# Instructions to follow
Transcribe the entries exactly. Start at the top, stop after the line with "Whenever you are", and omit every picture.

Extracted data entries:

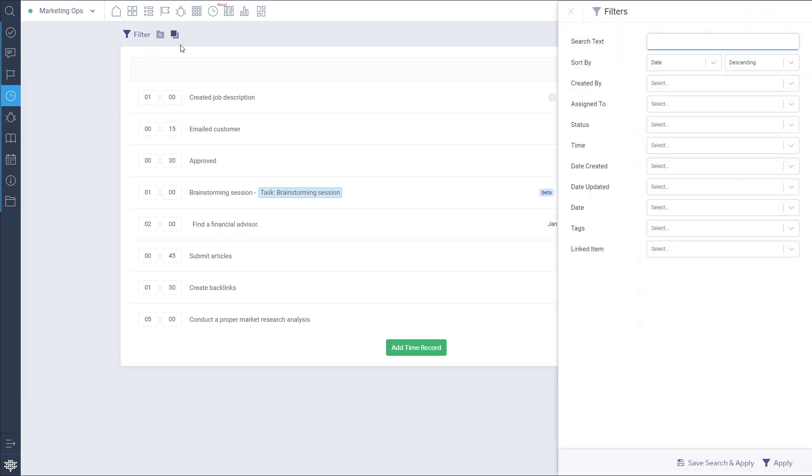We will add the ability to filter time entries by application, like tasks or issues, soon.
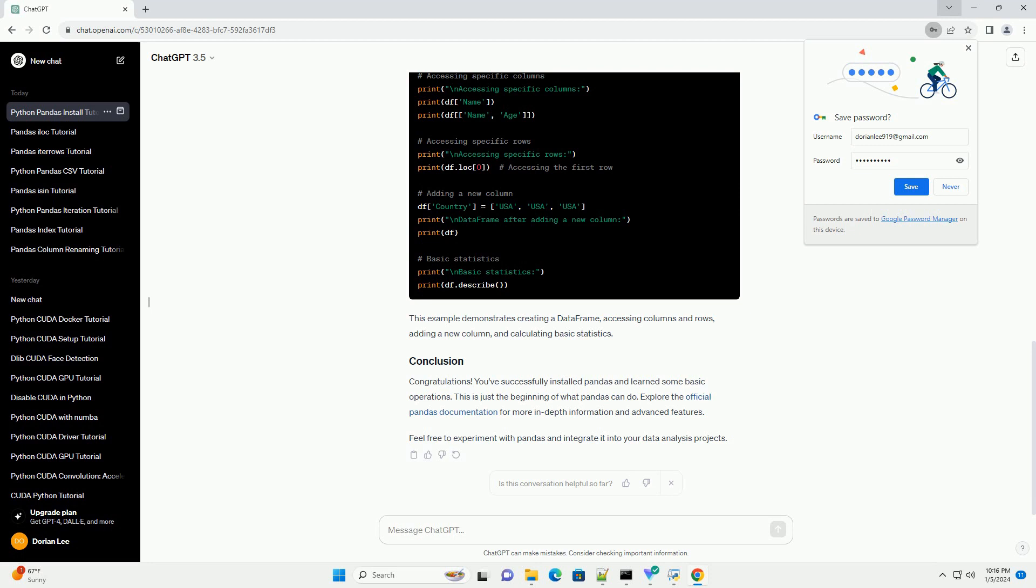Congratulations! You've successfully installed pandas and learned some basic operations. This is just the beginning of what pandas can do. Explore the official pandas documentation for more in-depth information and advanced features. Feel free to experiment with pandas and integrate it into your data analysis projects.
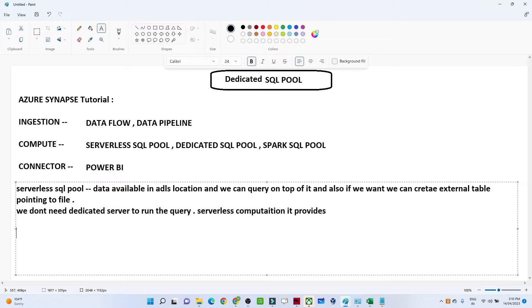Whenever you are running a query, only for that will you get charged. The cost for the serverless SQL pool is five dollars per TB.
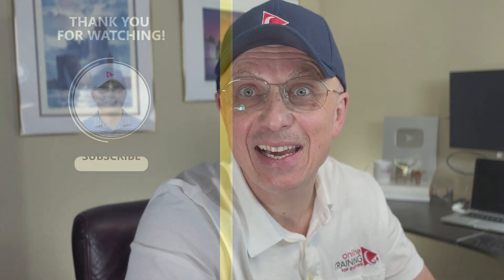If you found this content helpful, don't forget to like, share, and subscribe to Online Training for Everyone. Have a great day!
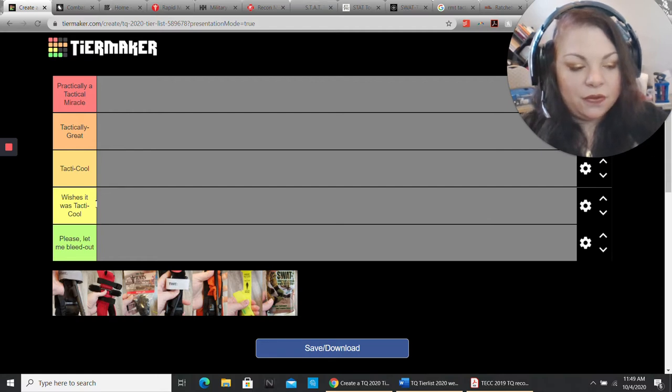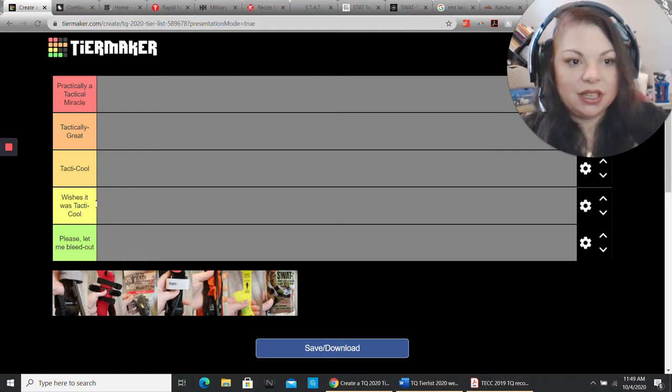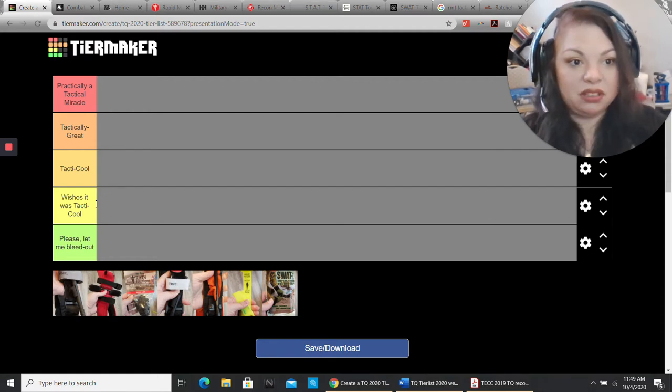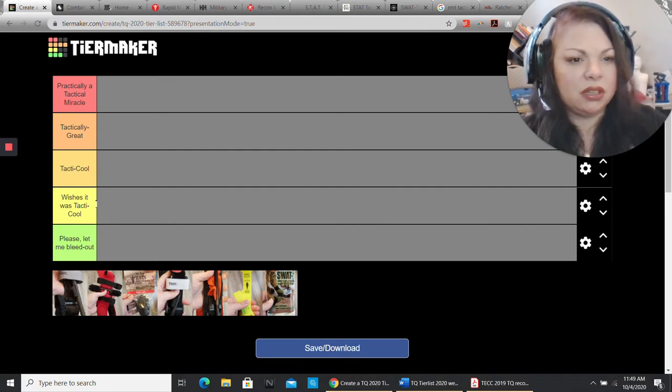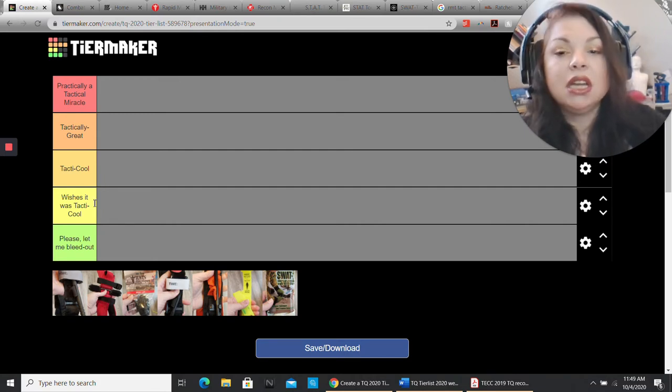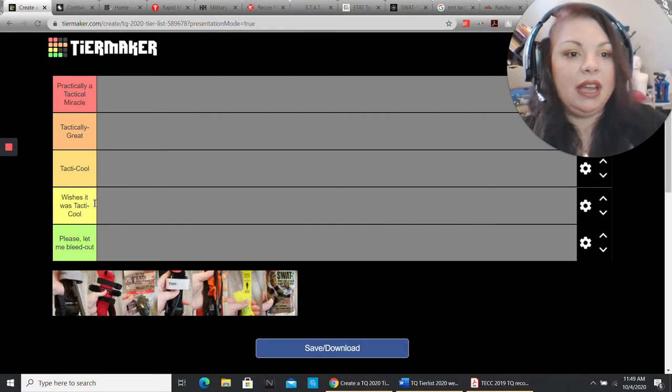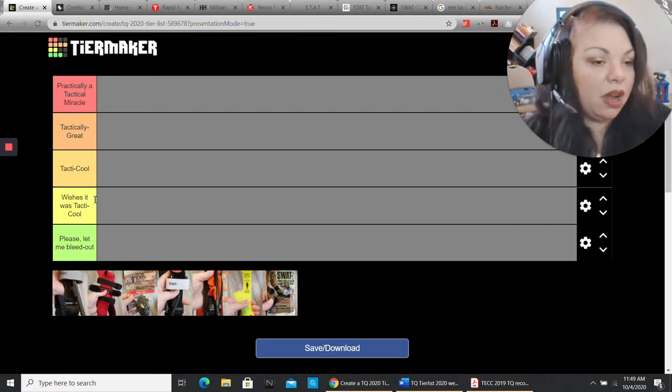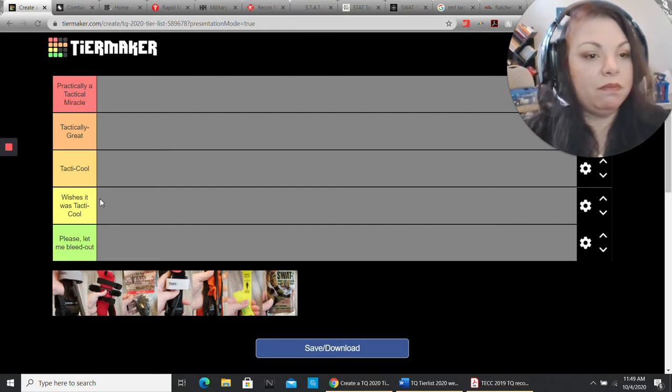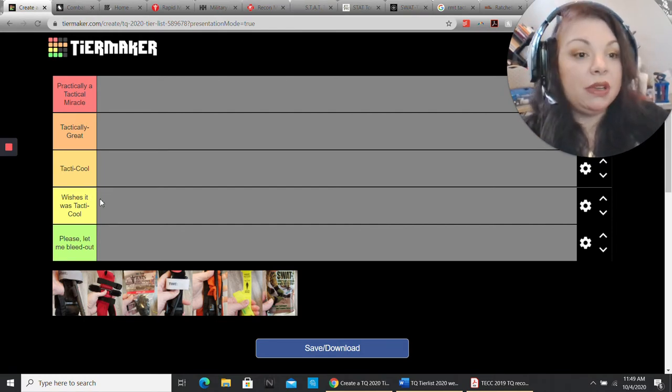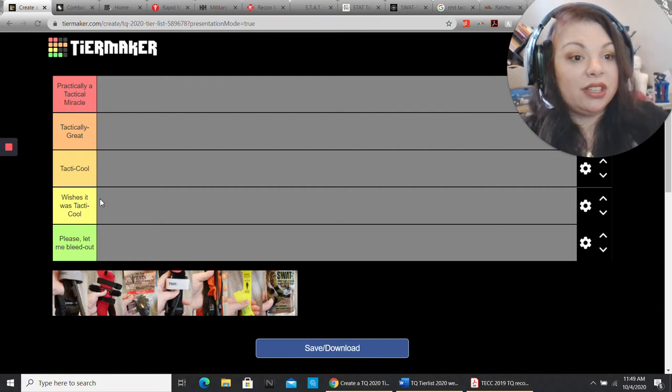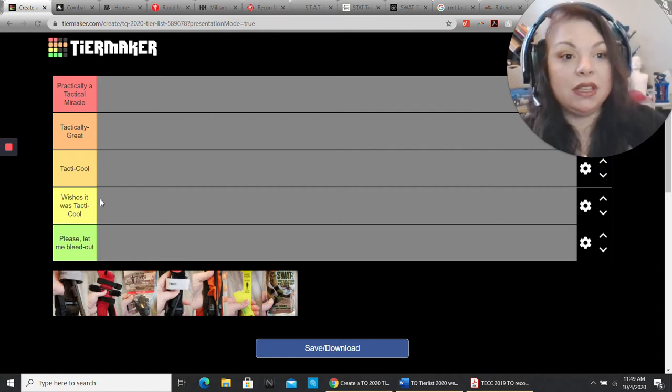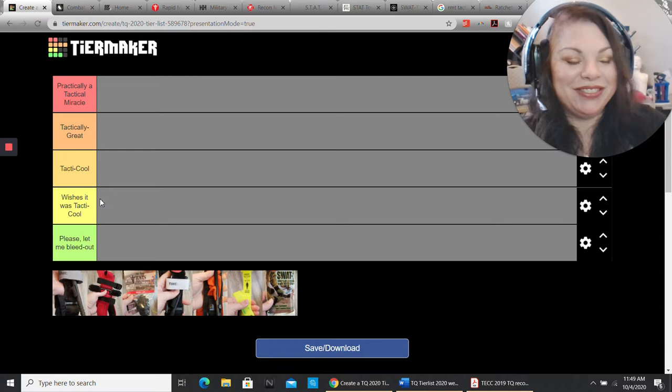Let's go into what criteria I use to determine where these tourniquets are going to place. I looked for efficacy. Did it work? Does it work? That's pretty important with a tourniquet. You want to stop your life-threatening bleeding. It would be really great if the tourniquet actually did that.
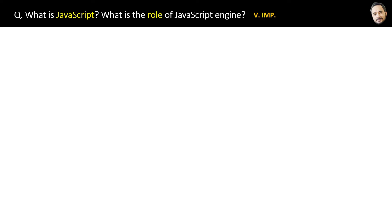What is JavaScript? What is the role of JavaScript engine? First and very important question.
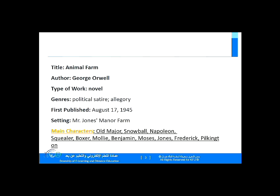As far as the genre is concerned, it's a political satire and an allegory, and we'll explain each one later on. It was first published on August 17, 1945, so the end of the Second World War. The setting of the novel takes place in Mr. Jones' Manor Farm. The main characters are Old Major, Snowball, Napoleon, Squealer, Boxer, Molly, Benjamin, Moses, Jones, Frederick, and Pilkington.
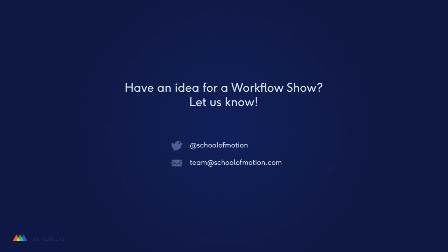Have an idea for a workflow show? Email us or send us a tweet. Thanks so much for watching, we'll see you on the next episode.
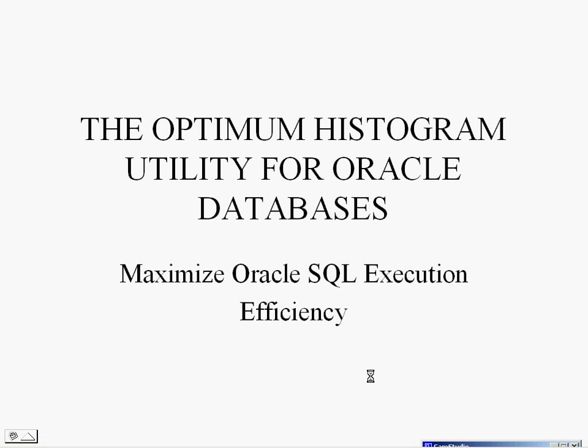Welcome to the presentation of the Optimum Histogram Utility for Oracle Databases. Maximize Oracle SQL execution efficiency. Please note that this is an add-on utility to the existing tools by Oracle. It's just a different way of approaching the information and how stats are supplied to the optimizer. You will see the impact of these new statistics, histograms, and density factors.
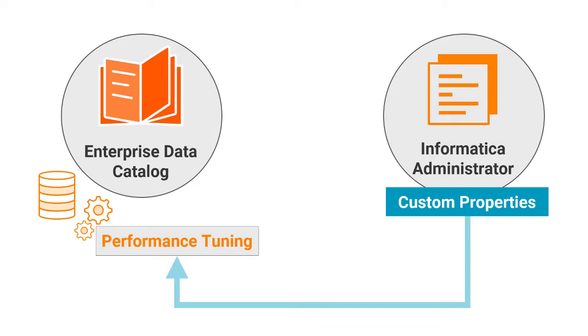In this video, you will see how to tune performance by configuring custom attributes in Informatica Administrator.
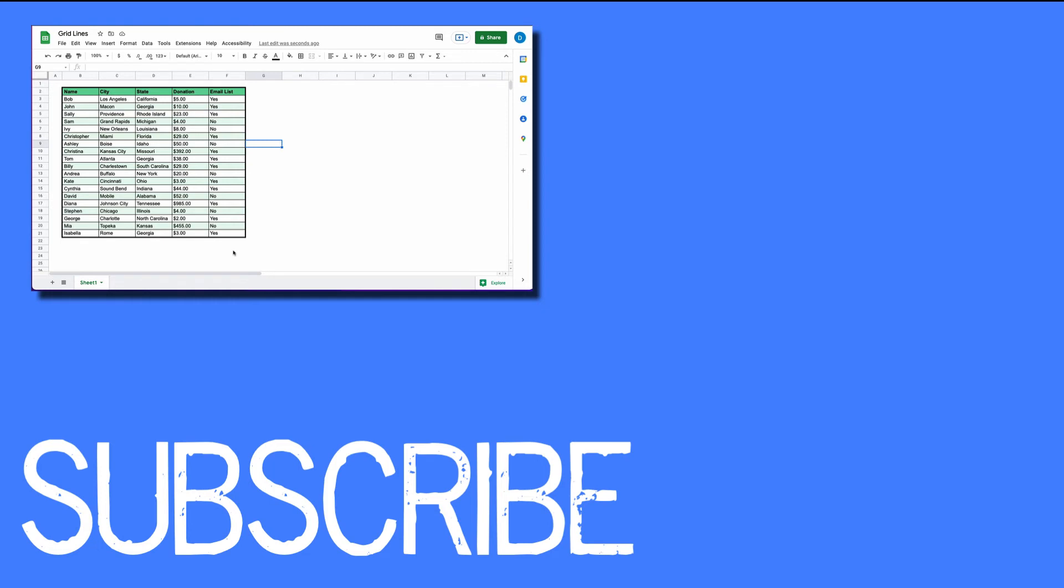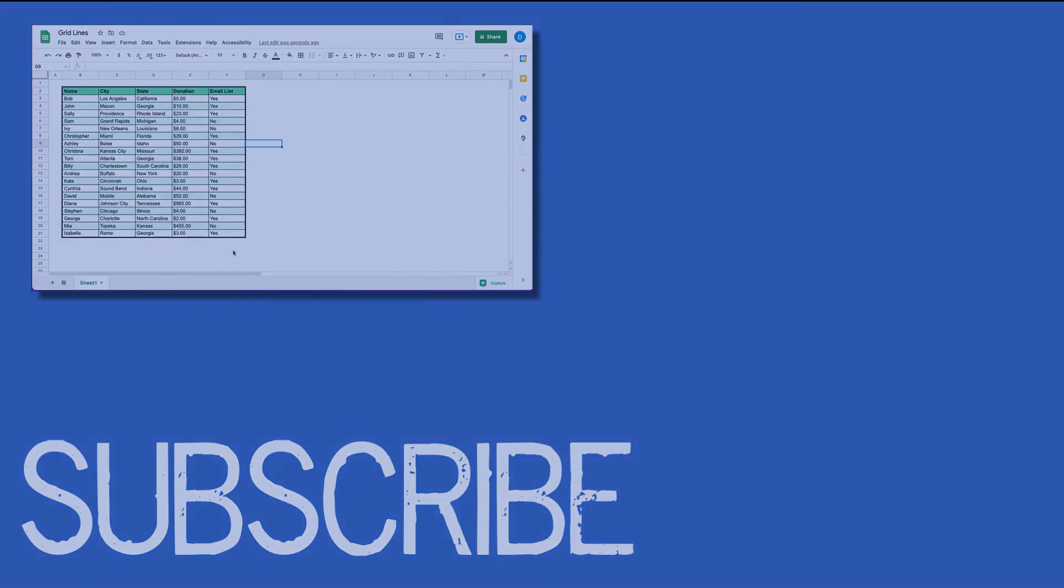If you found this video helpful please click that like button and subscribe to this channel to see more helpful tips in the future. Also please be sure to visit my website at therabbitpad.com.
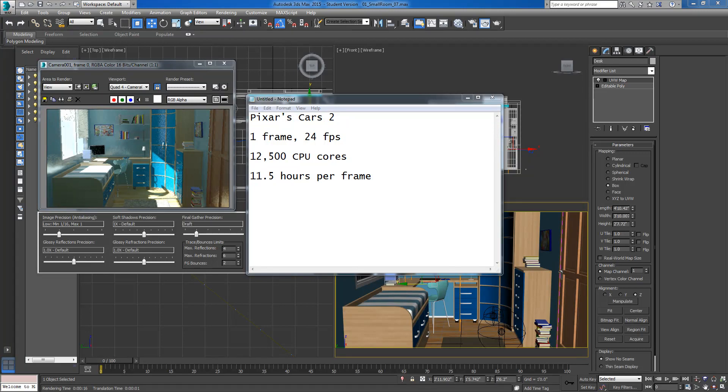Hey guys, Mike here again, and today we're going to talk a little bit about rendering best practices as we start out on our first projects.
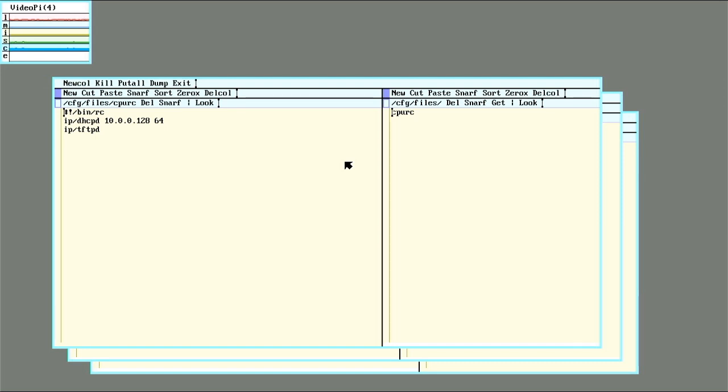To do that, over in the config directory or CFG, I have a directory in there named after my file server, which is just called files. And in there I have an extra CPURC script.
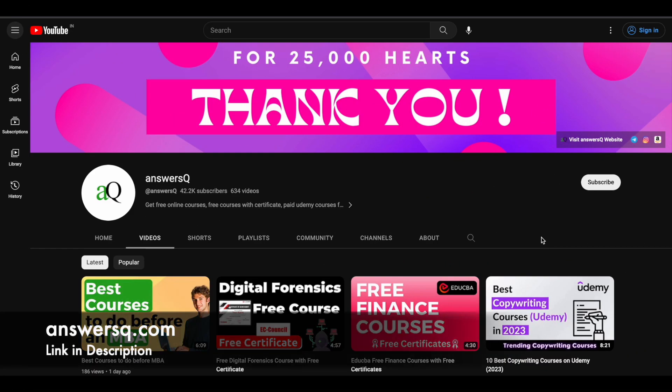Hi buddy, welcome back to AnswersQ. In this video, we'll see some free guided projects that are offered by Coursera.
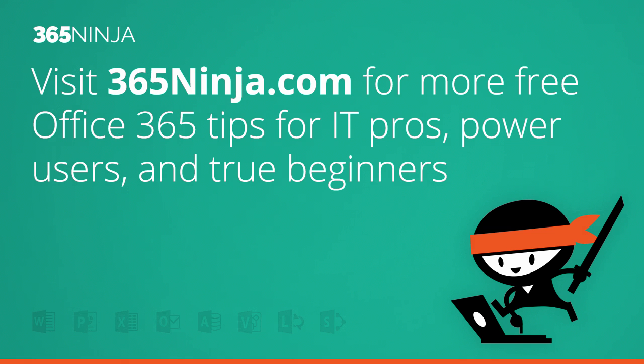Hope that tip helps Outlook users. For more tips and tricks like this one on Office 365, please check back with 365ninja.com. Thanks.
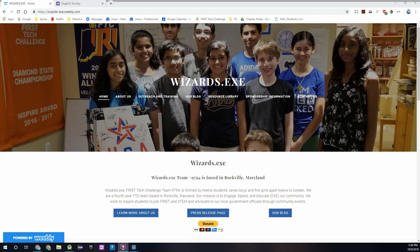Hey everyone, I'm Sartok from FTC team 9794 Wizards.exe. Welcome to part 3 of our OpenCV for FTC video series.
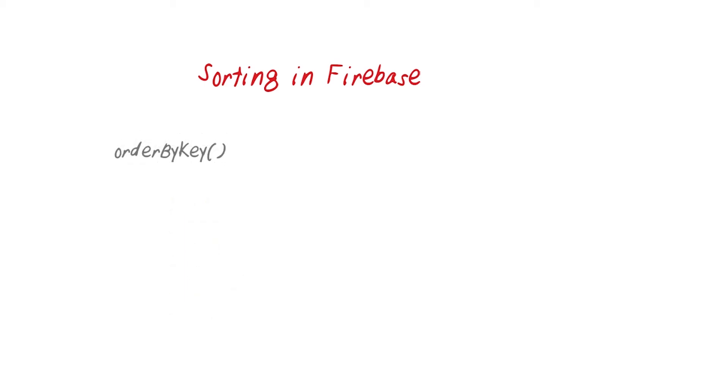For order by key, data is sorted in ascending order. With keys that can be sorted as 32-bit integers first, then keys with a string value coming next. And, as you might expect, when you use order by priority, the sort order is primarily determined by the priority and key.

# Output of the exercise
We will add the ability to filter time entries by application, like tasks or issues, soon.
Congratulations! You've successfully installed pandas and learned some basic operations. This is just the beginning of what pandas can do. Explore the official pandas documentation for more in-depth information and advanced features. Feel free to experiment with pandas and integrate it into your data analysis projects.
Whenever you are running a query, only for that will you get charged. The cost for the serverless SQL pool is five dollars per TB.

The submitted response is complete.